╭─ Records for the task

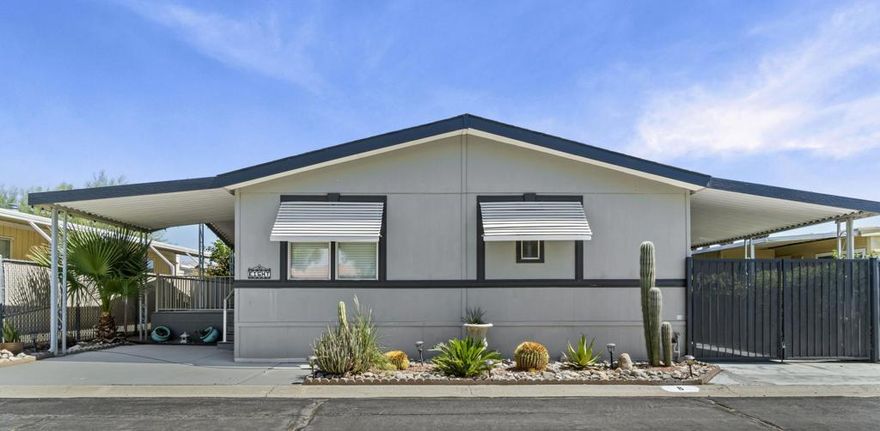 Beautifully Upgraded, Turn Key, fully furnished 3-Bedroom Home in a 55+ Gated Community This charming 3-bedroom, 2-bath home is centrally located within a secure, gated 55+ community and boasts a unique blend of comfort, style, and convenience. Thoughtfully upgraded with quartz countertops in both the kitchen and bathrooms, the home showcases true pride of ownership with tasteful decor, modern updates, and meticulous upkeep throughout. Enjoy added privacy with a gated carport, a handy storage shed, and mature fruit trees. The newly redone deck offers a peaceful view of the park directly across the street -- the perfect spot to relax and unwind. Just steps away from the community park is the clubhouse, where you'll find a variety of amenities including three swimming pools, indoor and outdoor spas, a library, pool tables, and more. One of the most convenient features of this home is its location -- you can walk to the nearby grocery store without even crossing a main road. With easy access to the freeway and just minutes from Palm Springs Airport via Gene Autry Trail, getting around is a breeze. This home is on a permanent foundation and is eligible for all types of financing. Plus, the low HOA fees make it even more attractive. Come see this beautiful home in person -- it's a must-see!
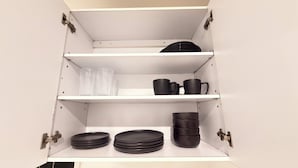 Ett vitt skåp med tre hyllor, där varje hylla innehåller svarta muggar, tallrikar och en genomskinlig plastpåse.
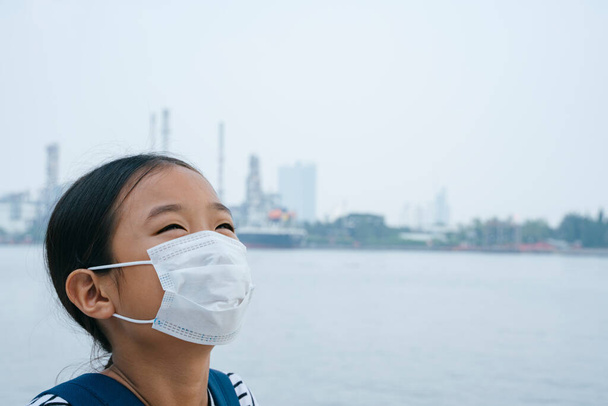 concepto de protección contra el virus Alegre niña asiática con máscara protectora, de pie cerca del río en el día del smog. Contaminación en todas partes. Ella no sabe nada acerca de lo peligroso que es PM2.5
. - Foto, imagen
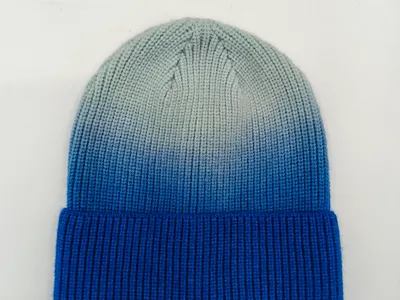 Strukturierte Wintermütze mit markanter Farbverlauf-Optik von Taubenblau zu Grau, flach aufgenommen auf hellem Hintergrund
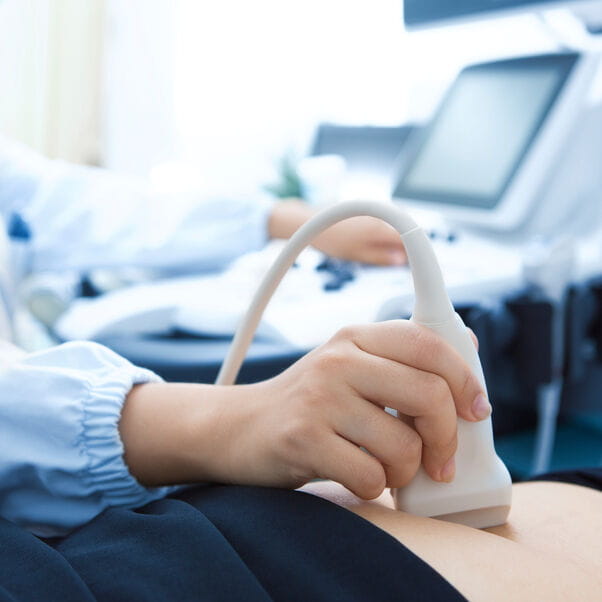 Sonographer using an ultrasound machine to assess a patients tummy.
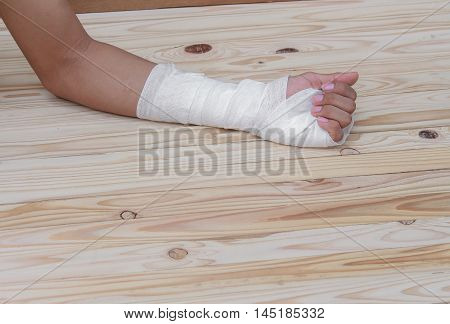 Gauze bandage the hand contusion. treating patients with hand with a wrist left male With  wrapping his injury On a wooden table
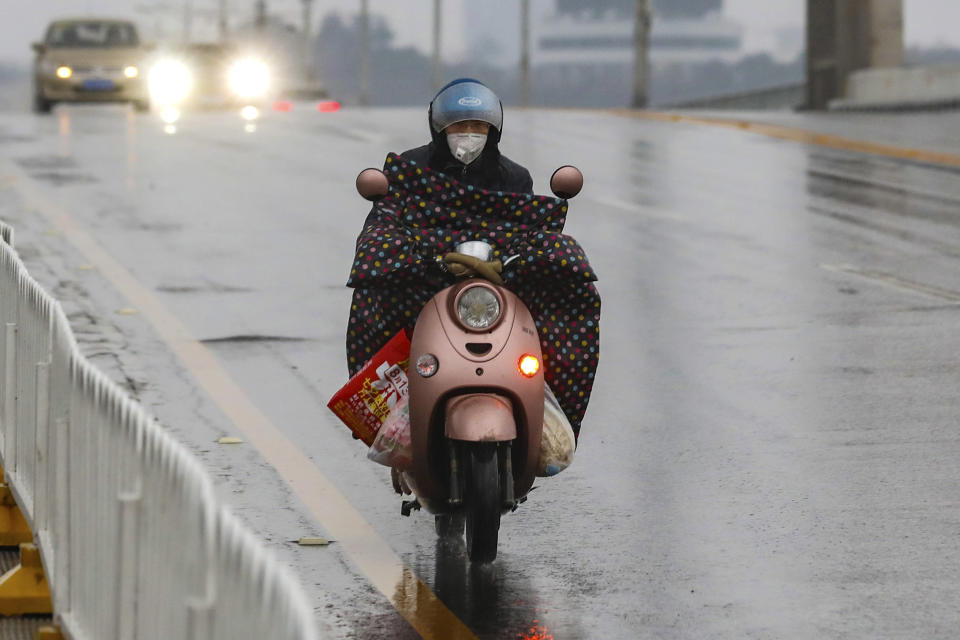 FILE - In this Saturday, Jan. 25, 2020, file photo, a motorcyclist wearing a face mask, rides across a bridge in Wuhan in central China's Hubei province. Face masks are in short supply in parts of the world as people try to stop the spread of a new virus from China. Health officials recommend strap-on medical masks for people being evaluated for the new virus, their household members and caregivers. (Chinatopix via AP, File)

╰─

• [What you should do] All lines from the one holding "Ett vitt skåp" through the last line of the records need to be copied exactly, both ends included, and the pictures left behind.

• [Answer to this task]
 Ett vitt skåp med tre hyllor, där varje hylla innehåller svarta muggar, tallrikar och en genomskinlig plastpåse.
 concepto de protección contra el virus Alegre niña asiática con máscara protectora, de pie cerca del río en el día del smog. Contaminación en todas partes. Ella no sabe nada acerca de lo peligroso que es PM2.5
. - Foto, imagen
 Strukturierte Wintermütze mit markanter Farbverlauf-Optik von Taubenblau zu Grau, flach aufgenommen auf hellem Hintergrund
 Sonographer using an ultrasound machine to assess a patients tummy.
 Gauze bandage the hand contusion. treating patients with hand with a wrist left male With  wrapping his injury On a wooden table
 FILE - In this Saturday, Jan. 25, 2020, file photo, a motorcyclist wearing a face mask, rides across a bridge in Wuhan in central China's Hubei province. Face masks are in short supply in parts of the world as people try to stop the spread of a new virus from China. Health officials recommend strap-on medical masks for people being evaluated for the new virus, their household members and caregivers. (Chinatopix via AP, File)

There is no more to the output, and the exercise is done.